Scraped caption text data:
□ □ □ □ □
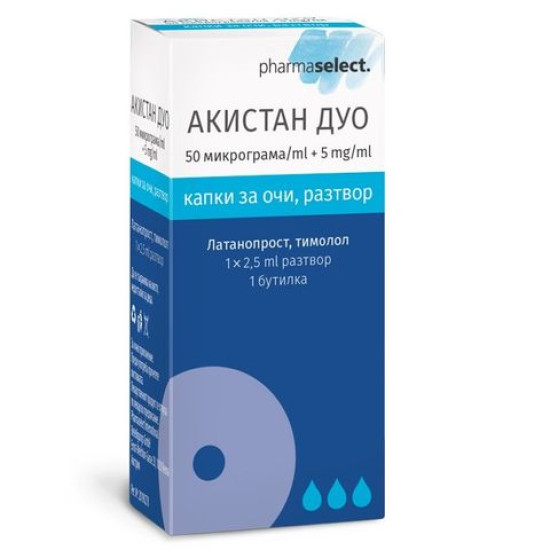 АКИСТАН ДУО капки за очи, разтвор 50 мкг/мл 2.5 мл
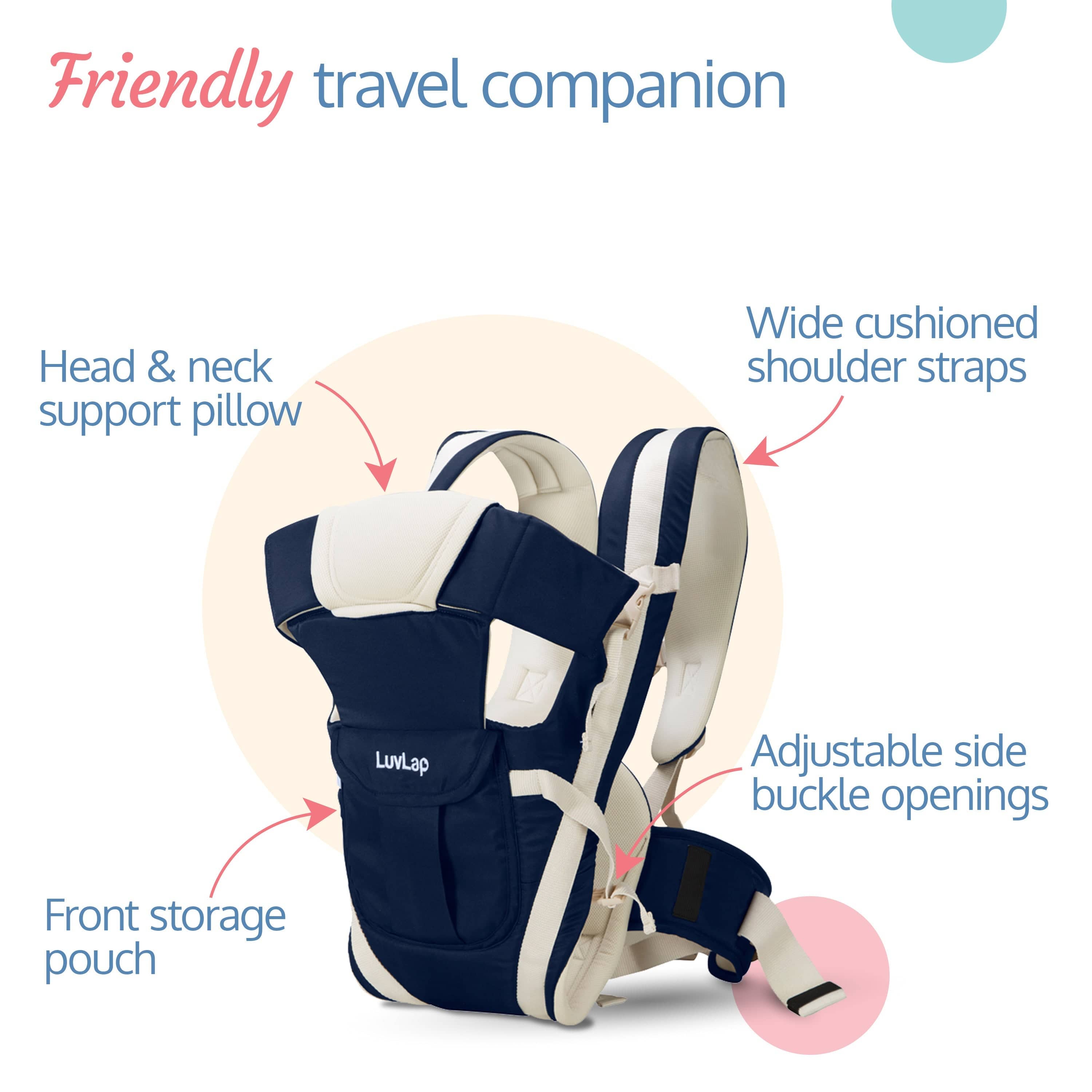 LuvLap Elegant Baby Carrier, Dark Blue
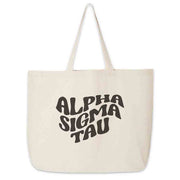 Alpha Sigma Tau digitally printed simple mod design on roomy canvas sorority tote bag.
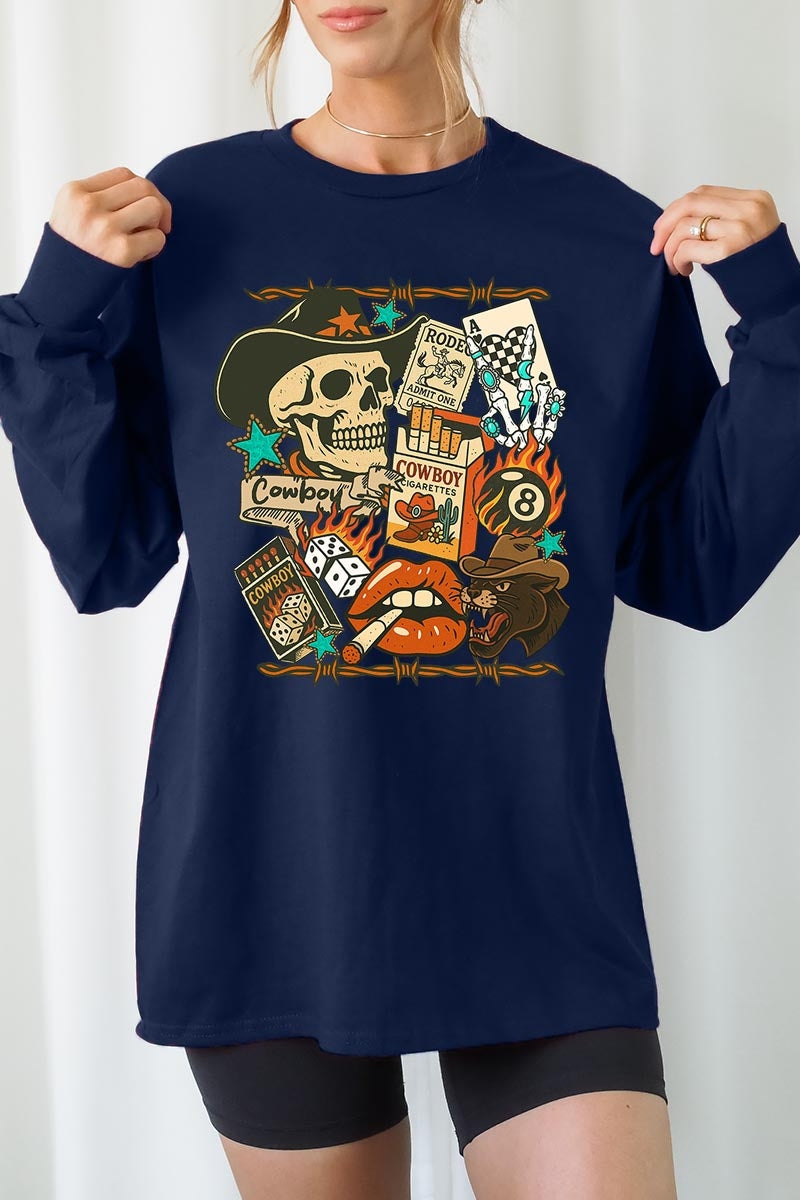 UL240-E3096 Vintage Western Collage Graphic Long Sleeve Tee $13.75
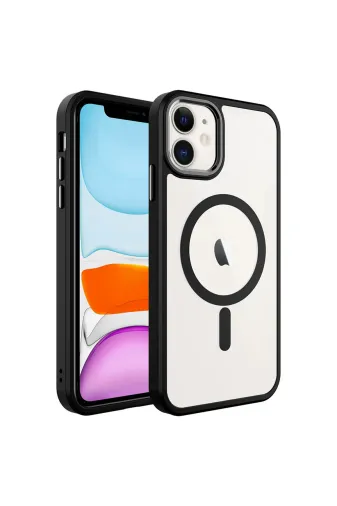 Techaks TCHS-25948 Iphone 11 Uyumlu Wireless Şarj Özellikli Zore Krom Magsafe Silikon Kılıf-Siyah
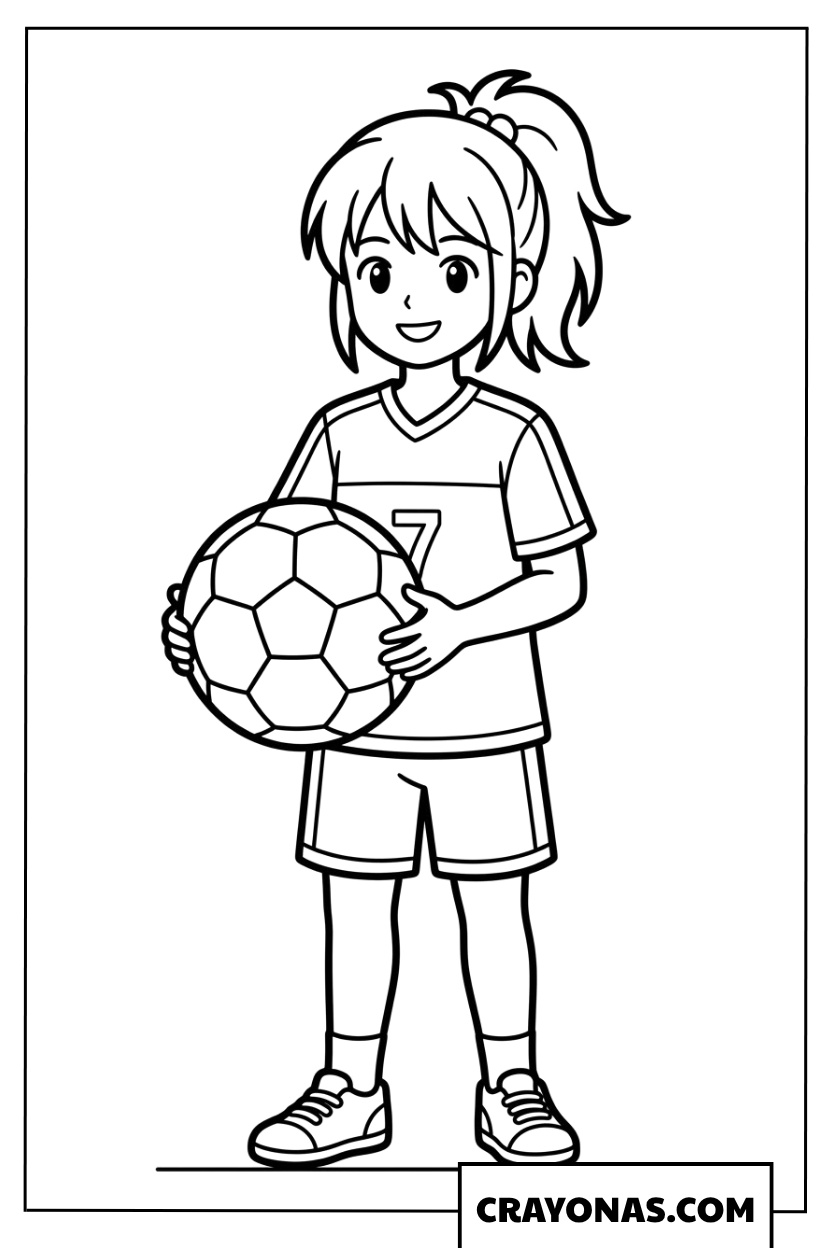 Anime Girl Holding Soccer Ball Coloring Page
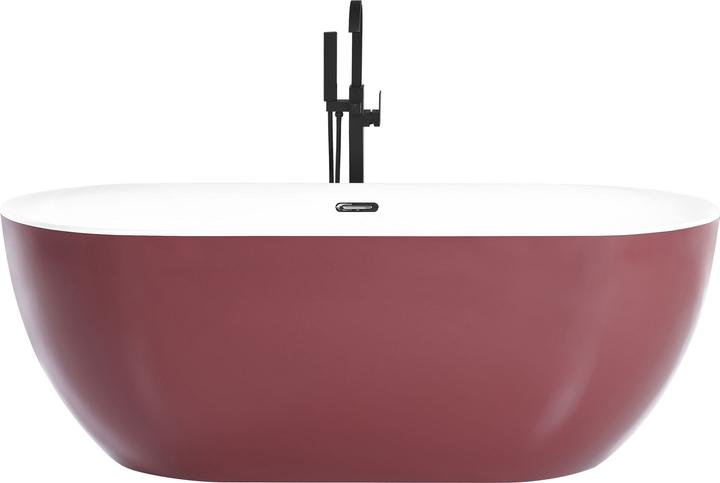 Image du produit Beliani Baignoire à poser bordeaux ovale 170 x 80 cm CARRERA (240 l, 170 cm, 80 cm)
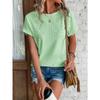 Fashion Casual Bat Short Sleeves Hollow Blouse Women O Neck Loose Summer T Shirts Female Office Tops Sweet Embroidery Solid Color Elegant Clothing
□ □ □ □ □
** The problem **
Could you set down the records above exactly, skipping any picture?

** Answer space **
 АКИСТАН ДУО капки за очи, разтвор 50 мкг/мл 2.5 мл
 LuvLap Elegant Baby Carrier, Dark Blue
 Alpha Sigma Tau digitally printed simple mod design on roomy canvas sorority tote bag.
 UL240-E3096 Vintage Western Collage Graphic Long Sleeve Tee $13.75
 Techaks TCHS-25948 Iphone 11 Uyumlu Wireless Şarj Özellikli Zore Krom Magsafe Silikon Kılıf-Siyah
 Anime Girl Holding Soccer Ball Coloring Page
 Image du produit Beliani Baignoire à poser bordeaux ovale 170 x 80 cm CARRERA (240 l, 170 cm, 80 cm)
 Fashion Casual Bat Short Sleeves Hollow Blouse Women O Neck Loose Summer T Shirts Female Office Tops Sweet Embroidery Solid Color Elegant Clothing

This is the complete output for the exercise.